2022-02-18 00:01:50

by Jakob Koschel

[permalink] [raw]
Subject: [RFC PATCH 04/13] vfio/mdev: remove the usage of the list iterator after the loop

It is unsafe to assume that tmp != mdev can only evaluate to false
if the break within the list iterator is hit.

When the break is not hit, tmp is set to an address derived from the
head element. If mdev would match with that value of tmp it would allow
continuing beyond the safety check even if mdev was never found within
the list

Signed-off-by: Jakob Koschel <[email protected]>
---
drivers/vfio/mdev/mdev_core.c | 7 +++++--
1 file changed, 5 insertions(+), 2 deletions(-)

diff --git a/drivers/vfio/mdev/mdev_core.c b/drivers/vfio/mdev/mdev_core.c
index b314101237fe..e646ba5036f4 100644
--- a/drivers/vfio/mdev/mdev_core.c
+++ b/drivers/vfio/mdev/mdev_core.c
@@ -339,14 +339,17 @@ int mdev_device_remove(struct mdev_device *mdev)
{
struct mdev_device *tmp;
struct mdev_parent *parent = mdev->type->parent;
+ bool found = false;

mutex_lock(&mdev_list_lock);
list_for_each_entry(tmp, &mdev_list, next) {
- if (tmp == mdev)
+ if (tmp == mdev) {
+ found = true;
break;
+ }
}

- if (tmp != mdev) {
+ if (!found) {
mutex_unlock(&mdev_list_lock);
return -ENODEV;
}
--
2.25.1


2022-02-18 15:19:07

by Jason Gunthorpe

[permalink] [raw]
Subject: Re: [RFC PATCH 04/13] vfio/mdev: remove the usage of the list iterator after the loop

On Thu, Feb 17, 2022 at 07:48:20PM +0100, Jakob Koschel wrote:
> It is unsafe to assume that tmp != mdev can only evaluate to false
> if the break within the list iterator is hit.
>
> When the break is not hit, tmp is set to an address derived from the
> head element. If mdev would match with that value of tmp it would allow
> continuing beyond the safety check even if mdev was never found within
> the list

I think due to other construction this is not actually possible, but I
guess it is technically correct

This seems like just a straight up style fix with nothing to do with
speculative execution though. Why not just send it as a proper patch?

Jason

2022-02-23 20:55:26

by Linus Torvalds

[permalink] [raw]
Subject: Re: [RFC PATCH 04/13] vfio/mdev: remove the usage of the list iterator after the loop

On Wed, Feb 23, 2022 at 12:19 PM Rasmus Villemoes
<[email protected]> wrote:
>
> I have often wished that the iterator macros would consistently set the
> loop variable to NULL upon reaching the end.

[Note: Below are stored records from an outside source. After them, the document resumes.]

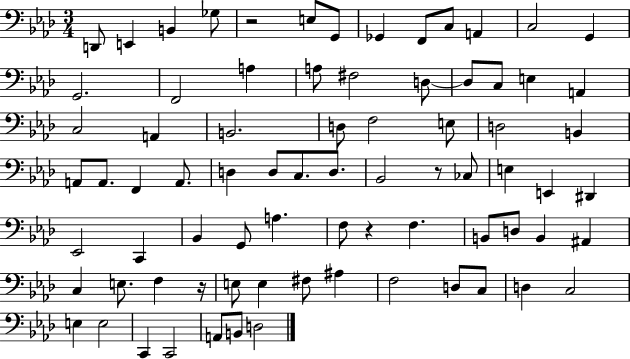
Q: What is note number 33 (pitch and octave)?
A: F2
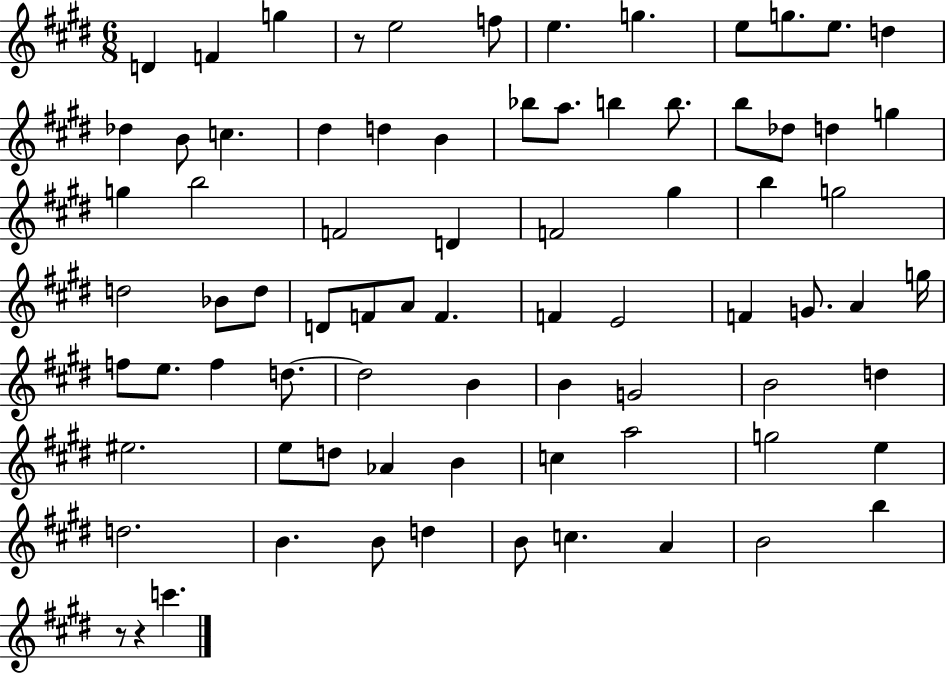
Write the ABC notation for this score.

X:1
T:Untitled
M:6/8
L:1/4
K:E
D F g z/2 e2 f/2 e g e/2 g/2 e/2 d _d B/2 c ^d d B _b/2 a/2 b b/2 b/2 _d/2 d g g b2 F2 D F2 ^g b g2 d2 _B/2 d/2 D/2 F/2 A/2 F F E2 F G/2 A g/4 f/2 e/2 f d/2 d2 B B G2 B2 d ^e2 e/2 d/2 _A B c a2 g2 e d2 B B/2 d B/2 c A B2 b z/2 z c'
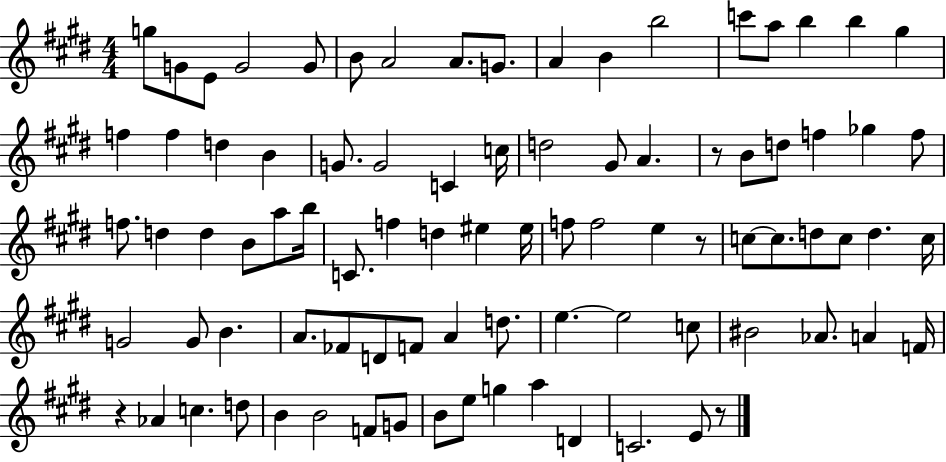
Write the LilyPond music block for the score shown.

{
  \clef treble
  \numericTimeSignature
  \time 4/4
  \key e \major
  \repeat volta 2 { g''8 g'8 e'8 g'2 g'8 | b'8 a'2 a'8. g'8. | a'4 b'4 b''2 | c'''8 a''8 b''4 b''4 gis''4 | \break f''4 f''4 d''4 b'4 | g'8. g'2 c'4 c''16 | d''2 gis'8 a'4. | r8 b'8 d''8 f''4 ges''4 f''8 | \break f''8. d''4 d''4 b'8 a''8 b''16 | c'8. f''4 d''4 eis''4 eis''16 | f''8 f''2 e''4 r8 | c''8~~ c''8. d''8 c''8 d''4. c''16 | \break g'2 g'8 b'4. | a'8. fes'8 d'8 f'8 a'4 d''8. | e''4.~~ e''2 c''8 | bis'2 aes'8. a'4 f'16 | \break r4 aes'4 c''4. d''8 | b'4 b'2 f'8 g'8 | b'8 e''8 g''4 a''4 d'4 | c'2. e'8 r8 | \break } \bar "|."
}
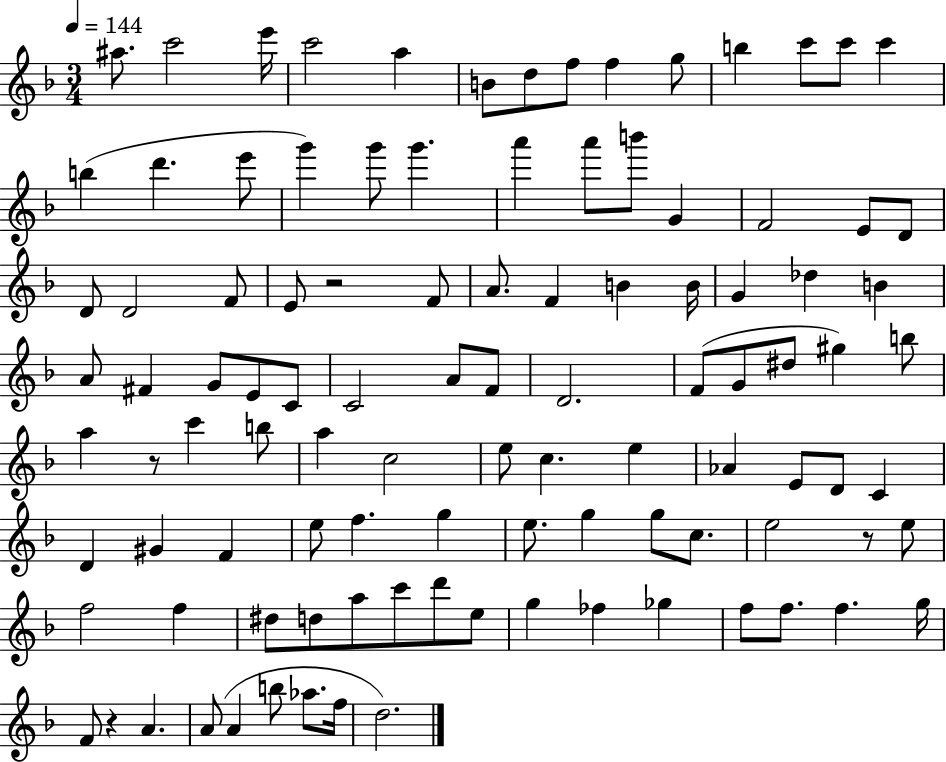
X:1
T:Untitled
M:3/4
L:1/4
K:F
^a/2 c'2 e'/4 c'2 a B/2 d/2 f/2 f g/2 b c'/2 c'/2 c' b d' e'/2 g' g'/2 g' a' a'/2 b'/2 G F2 E/2 D/2 D/2 D2 F/2 E/2 z2 F/2 A/2 F B B/4 G _d B A/2 ^F G/2 E/2 C/2 C2 A/2 F/2 D2 F/2 G/2 ^d/2 ^g b/2 a z/2 c' b/2 a c2 e/2 c e _A E/2 D/2 C D ^G F e/2 f g e/2 g g/2 c/2 e2 z/2 e/2 f2 f ^d/2 d/2 a/2 c'/2 d'/2 e/2 g _f _g f/2 f/2 f g/4 F/2 z A A/2 A b/2 _a/2 f/4 d2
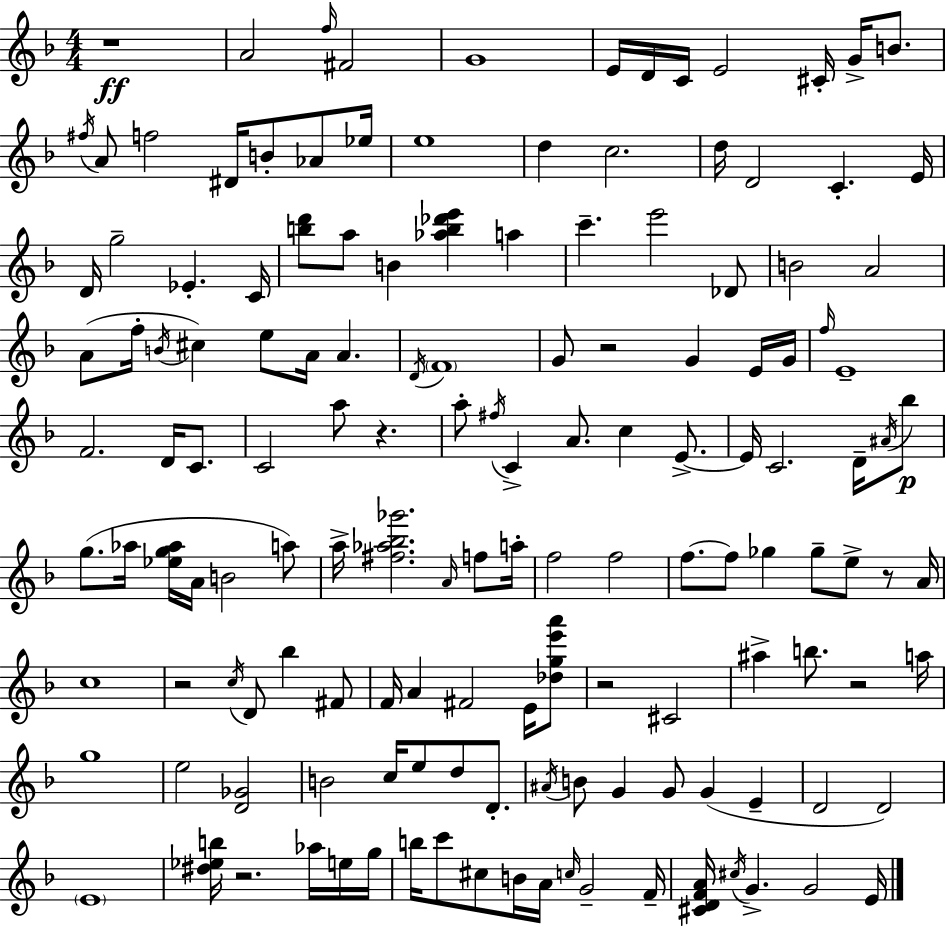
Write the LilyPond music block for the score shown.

{
  \clef treble
  \numericTimeSignature
  \time 4/4
  \key d \minor
  r1\ff | a'2 \grace { f''16 } fis'2 | g'1 | e'16 d'16 c'16 e'2 cis'16-. g'16-> b'8. | \break \acciaccatura { fis''16 } a'8 f''2 dis'16 b'8-. aes'8 | ees''16 e''1 | d''4 c''2. | d''16 d'2 c'4.-. | \break e'16 d'16 g''2-- ees'4.-. | c'16 <b'' d'''>8 a''8 b'4 <aes'' b'' des''' e'''>4 a''4 | c'''4.-- e'''2 | des'8 b'2 a'2 | \break a'8( f''16-. \acciaccatura { b'16 }) cis''4 e''8 a'16 a'4. | \acciaccatura { d'16 } \parenthesize f'1 | g'8 r2 g'4 | e'16 g'16 \grace { f''16 } e'1-- | \break f'2. | d'16 c'8. c'2 a''8 r4. | a''8-. \acciaccatura { fis''16 } c'4-> a'8. c''4 | e'8.->~~ e'16 c'2. | \break d'16-- \acciaccatura { ais'16 } bes''8\p g''8.( aes''16 <ees'' g'' aes''>16 a'16 b'2 | a''8) a''16-> <fis'' aes'' bes'' ges'''>2. | \grace { a'16 } f''8 a''16-. f''2 | f''2 f''8.~~ f''8 ges''4 | \break ges''8-- e''8-> r8 a'16 c''1 | r2 | \acciaccatura { c''16 } d'8 bes''4 fis'8 f'16 a'4 fis'2 | e'16 <des'' g'' e''' a'''>8 r2 | \break cis'2 ais''4-> b''8. | r2 a''16 g''1 | e''2 | <d' ges'>2 b'2 | \break c''16 e''8 d''8 d'8.-. \acciaccatura { ais'16 } b'8 g'4 | g'8 g'4( e'4-- d'2 | d'2) \parenthesize e'1 | <dis'' ees'' b''>16 r2. | \break aes''16 e''16 g''16 b''16 c'''8 cis''8 b'16 | a'16 \grace { c''16 } g'2-- f'16-- <cis' d' f' a'>16 \acciaccatura { cis''16 } g'4.-> | g'2 e'16 \bar "|."
}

I really think the rule should be that to a 99% approximation, we
should strive only ever use the iterated-upon value *inside* the loop.

No, that's now how we do it now. But I think the "break out and do the
work outside the loop" case is kind of broken anyway. It makes you
test the condition twice - and while a compiler might be smart enough
to optimize the second test away, it's still just plain ugly.

Linus

2022-02-24 00:45:19

by Linus Torvalds

[permalink] [raw]
Subject: Re: [RFC PATCH 04/13] vfio/mdev: remove the usage of the list iterator after the loop

On Wed, Feb 23, 2022 at 12:15 PM Jakob <[email protected]> wrote:
>
> in such a case you would still have to set the iterator value to
> NULL when reaching the terminating condition or am I missing something?

No.

Make the rule be "you never use the iterator outside the loop".

IOW, the code sequence is

some_struct *ptr, *iter;

ptr = NULL;
list_for_each_entry(iter, ...) {
if (iter_matches_condition(iter)) {
ptr = iter;
break;
}
}

.. never use 'iter' here - you use 'ptr' and check it for NULL ..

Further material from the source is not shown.